À ce moment-là même, le chevalier galopait sur la route de Quimper, suivi de Chalin, également à cheval. À la suite de la première explosion de joie larmoyante que l’on sait, au reçu du bouquet, quand le recteur avait apporté de l’écriture de l’enfant chéri, cette chose qui prouvait que Yves existait quelque part, des doutes cruels avaient assailli la famille.

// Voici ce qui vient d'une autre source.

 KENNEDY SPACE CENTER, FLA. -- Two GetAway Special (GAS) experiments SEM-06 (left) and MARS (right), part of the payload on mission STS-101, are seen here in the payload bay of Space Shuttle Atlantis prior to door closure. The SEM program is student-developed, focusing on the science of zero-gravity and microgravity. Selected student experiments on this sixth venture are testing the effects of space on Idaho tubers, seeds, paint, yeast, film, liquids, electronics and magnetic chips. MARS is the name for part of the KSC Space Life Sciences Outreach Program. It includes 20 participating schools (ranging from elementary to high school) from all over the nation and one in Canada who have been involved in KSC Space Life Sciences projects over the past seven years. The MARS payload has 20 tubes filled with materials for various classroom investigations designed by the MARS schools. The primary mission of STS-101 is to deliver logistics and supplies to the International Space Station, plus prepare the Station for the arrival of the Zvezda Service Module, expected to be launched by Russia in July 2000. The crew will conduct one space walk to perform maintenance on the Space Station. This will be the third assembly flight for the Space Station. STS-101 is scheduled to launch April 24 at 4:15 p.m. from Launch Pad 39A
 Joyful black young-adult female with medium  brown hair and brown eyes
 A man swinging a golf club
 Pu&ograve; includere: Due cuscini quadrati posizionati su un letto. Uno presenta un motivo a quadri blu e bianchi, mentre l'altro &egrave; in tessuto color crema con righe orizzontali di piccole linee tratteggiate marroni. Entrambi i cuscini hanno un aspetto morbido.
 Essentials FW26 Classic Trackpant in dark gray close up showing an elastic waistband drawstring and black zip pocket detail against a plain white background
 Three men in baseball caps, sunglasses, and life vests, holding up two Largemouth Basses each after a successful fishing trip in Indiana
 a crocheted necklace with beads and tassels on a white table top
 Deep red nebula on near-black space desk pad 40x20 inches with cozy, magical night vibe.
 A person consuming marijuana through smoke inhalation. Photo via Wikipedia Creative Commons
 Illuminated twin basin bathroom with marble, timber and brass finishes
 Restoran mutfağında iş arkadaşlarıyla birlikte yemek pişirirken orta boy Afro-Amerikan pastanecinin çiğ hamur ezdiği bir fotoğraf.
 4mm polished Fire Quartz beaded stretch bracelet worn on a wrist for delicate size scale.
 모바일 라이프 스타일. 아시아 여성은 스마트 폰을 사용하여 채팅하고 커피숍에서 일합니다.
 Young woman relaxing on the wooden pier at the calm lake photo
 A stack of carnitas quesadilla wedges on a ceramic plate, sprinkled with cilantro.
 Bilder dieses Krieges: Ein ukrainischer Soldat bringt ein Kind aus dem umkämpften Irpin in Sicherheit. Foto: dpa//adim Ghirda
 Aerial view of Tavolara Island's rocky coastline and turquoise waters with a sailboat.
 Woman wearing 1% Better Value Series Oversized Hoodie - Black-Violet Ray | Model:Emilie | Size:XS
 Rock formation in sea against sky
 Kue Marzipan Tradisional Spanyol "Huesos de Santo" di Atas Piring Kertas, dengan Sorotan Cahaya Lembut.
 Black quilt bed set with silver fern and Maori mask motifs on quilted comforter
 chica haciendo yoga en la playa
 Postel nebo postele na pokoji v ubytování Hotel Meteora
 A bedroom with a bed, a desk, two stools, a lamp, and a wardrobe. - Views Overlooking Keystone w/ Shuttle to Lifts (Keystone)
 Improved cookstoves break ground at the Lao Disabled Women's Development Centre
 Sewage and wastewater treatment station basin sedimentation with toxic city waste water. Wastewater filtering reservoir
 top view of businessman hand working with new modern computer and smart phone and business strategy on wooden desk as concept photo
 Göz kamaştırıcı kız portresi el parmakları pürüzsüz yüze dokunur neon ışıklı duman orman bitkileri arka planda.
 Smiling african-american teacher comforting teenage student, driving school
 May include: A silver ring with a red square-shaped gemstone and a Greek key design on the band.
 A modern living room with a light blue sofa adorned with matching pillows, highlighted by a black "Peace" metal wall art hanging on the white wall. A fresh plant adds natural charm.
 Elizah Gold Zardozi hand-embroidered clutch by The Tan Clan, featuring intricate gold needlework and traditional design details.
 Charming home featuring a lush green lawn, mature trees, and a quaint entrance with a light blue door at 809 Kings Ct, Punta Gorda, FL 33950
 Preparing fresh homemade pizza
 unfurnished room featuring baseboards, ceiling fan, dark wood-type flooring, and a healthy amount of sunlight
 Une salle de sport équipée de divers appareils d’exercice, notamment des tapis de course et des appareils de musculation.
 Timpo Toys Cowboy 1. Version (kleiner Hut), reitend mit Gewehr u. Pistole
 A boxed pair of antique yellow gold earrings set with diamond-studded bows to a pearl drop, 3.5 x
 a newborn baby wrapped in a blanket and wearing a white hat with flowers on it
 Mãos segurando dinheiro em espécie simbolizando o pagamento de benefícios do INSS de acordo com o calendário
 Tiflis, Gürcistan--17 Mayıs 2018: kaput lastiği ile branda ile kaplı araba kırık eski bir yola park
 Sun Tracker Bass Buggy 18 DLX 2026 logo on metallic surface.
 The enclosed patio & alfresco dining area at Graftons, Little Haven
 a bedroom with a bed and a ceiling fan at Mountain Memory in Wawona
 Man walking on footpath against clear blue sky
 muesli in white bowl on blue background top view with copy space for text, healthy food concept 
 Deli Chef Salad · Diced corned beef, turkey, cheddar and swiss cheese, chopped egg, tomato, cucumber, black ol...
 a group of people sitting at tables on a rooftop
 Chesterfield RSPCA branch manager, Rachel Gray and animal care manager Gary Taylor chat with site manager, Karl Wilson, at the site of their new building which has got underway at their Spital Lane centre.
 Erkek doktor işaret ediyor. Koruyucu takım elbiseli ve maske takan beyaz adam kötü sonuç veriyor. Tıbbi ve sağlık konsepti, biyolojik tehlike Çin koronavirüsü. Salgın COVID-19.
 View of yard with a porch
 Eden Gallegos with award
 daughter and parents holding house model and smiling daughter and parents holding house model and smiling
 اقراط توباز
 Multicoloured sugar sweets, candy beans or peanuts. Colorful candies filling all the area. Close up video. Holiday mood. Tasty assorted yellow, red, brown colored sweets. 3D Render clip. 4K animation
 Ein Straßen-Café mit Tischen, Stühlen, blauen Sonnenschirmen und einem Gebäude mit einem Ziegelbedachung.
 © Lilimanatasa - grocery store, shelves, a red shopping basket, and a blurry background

Que voulait dire cette missive dont la mer avait si malencontreusement effacé la majeure partie ? Où Yvon pouvait-il être ? Pourquoi écrivait-il au lieu de revenir ? Pourquoi ce bouquet ? Avec qui, auprès de qui, l’enfant avait-il pu partir ? Autant de questions insolubles. On ne pouvait penser qu’il fût retenu par quelqu’un ! Et cependant… Fallait-il croire (et le chevalier était partisan de cette opinion, à l’encontre de Manon), fallait-il croire que la menace de la pension, de la séparation l’avait incité à s’éloigner et à demander l’hospitalité à une famille quelconque, habitant plus ou moins loin de Penhoël ? Ce devait être cela, affirmait le père. La grande Manon branlait tristement la tête.

« Yvonnaïk ne nous a pas quittés de son plein gré, disait-elle ; il ne se serait pas séparé de nous pour éviter d’en être séparé par votre volonté, mon père. Yvonnaïk n’aurait jamais fait cela. S’il s’y était laissé entraîner, il serait revenu bien vite le lendemain.